I'm sure that's true. But that's a long way away from the original post, which was about how acupuncture was supposedly "proven" to "cure" rhinitis and a lot of other conditions. All we've really established is that you can never know with certainty how much any perceived effects are due to acupuncture versus due to placebo versus due to attention from a fellow caring human being. That built-in uncertainty is a long way away from the certainty with which very specific claims are sold to clients--and that's my problem with the whole thing.

 

"This discussion raises some key questions for research of massage and traditional medicine that are based on the skill of the practitioner.  The effectiveness of massage has a lot to do with how you use your hand/arm/elbow/knee/etc to apply a move or hold to another person's body. Some hands just fit better with certain backs (just example). There are so many variables including the skill to use each that I wonder how blind testing can be applied definitively."


It also raises questions about how you can teach it effectively. A fundamental question of pedagogical fairness is whether the goals demanded of the student are communicable and measurable. When so much is subjective, the problem of how a student evaluates whether they got good training, or how a client evaluates whether they got a good practitioner is made that much more difficult.
Very true and this is why bodywork/massage remains an art.
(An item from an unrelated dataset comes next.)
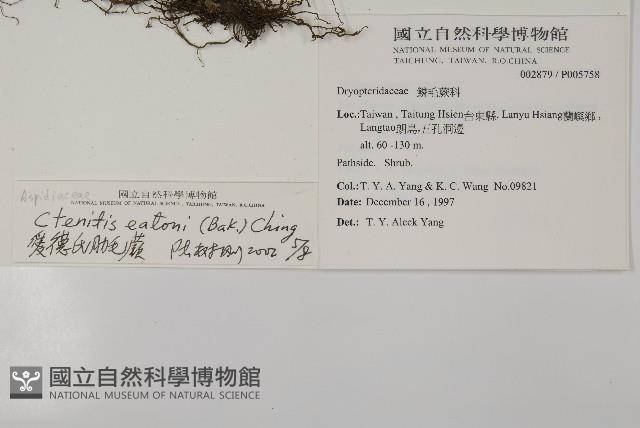 愛德氏肋毛蕨藏品圖，第2張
Ravensara Travillian said:
It also raises questions about how you can teach it effectively. A fundamental question of pedagogical fairness is whether the goals demanded of the student are communicable and measurable. When so much is subjective, the problem of how a student evaluates whether they got good training, or how a client evaluates whether they got a good practitioner is made that much more difficult.

 

http://www.chiro.org/acupuncture/FULL/Clinical_Trials_of_Acupunctur...

 

They refer to blinding a wee bit in this - however, it's interesting how in the abstract it says practitioner blinding is "difficult but not impossible" but then where they write about it, you can see it's a bit weak.  But the paper might be of interest to people as it explains sham treatments etc. 

Also people will probably come across the term "double blind" in abstracts of trials that really aren't when you look at the methods in the main text.  As soon as I see that, I regard it as a red light that the study is a pile of brown smelly stuff - but that's just me...everyone to their own.

 

 

 

Interesting, Vlad; cheers! I'll have a look at it.



Vlad said:

 

http://www.chiro.org/acupuncture/FULL/Clinical_Trials_of_Acupunctur...

 

They refer to blinding a wee bit in this - however, it's interesting how in the abstract it says practitioner blinding is "difficult but not impossible" but then where they write about it, you can see it's a bit weak.  But the paper might be of interest to people as it explains sham treatments etc. 
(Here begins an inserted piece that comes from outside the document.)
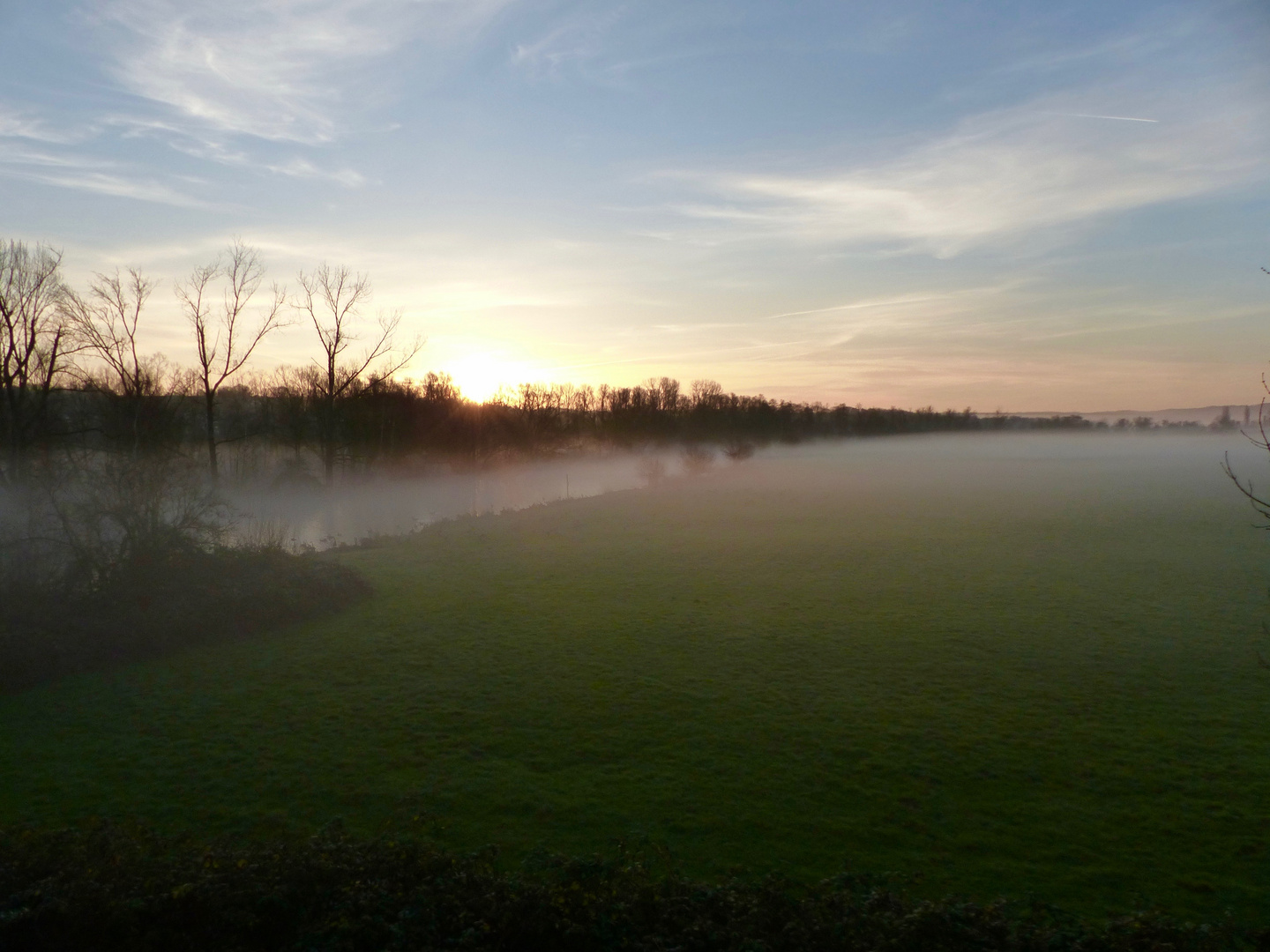 Nebel in den Ruhrauen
Also people will probably come across the term "double blind" in abstracts of trials that really aren't when you look at the methods in the main text.  As soon as I see that, I regard it as a red light that the study is a pile of brown smelly stuff - but that's just me...everyone to their own.

 

 

 

Very true and this is why bodywork/massage remains an art.

 

No doubt art is a big part of these practices - even the most scientifically-minded folks can agree with you on that.  But they aren't purely art in the way of music, sculpture, and so on.

 

Pure arts (for lack of a better term) aren't progressive.  There is no meaningful way to determine if The Beatles are better or worse than Bach.  But therapeutic practices are progressive - we can meaningfully ask if one works better than another so long as we specify the conditions (just as you could meaningfully ask which is better - Beatles or Bach - for increasing math scores when played as background music for 10th graders completing the SAT).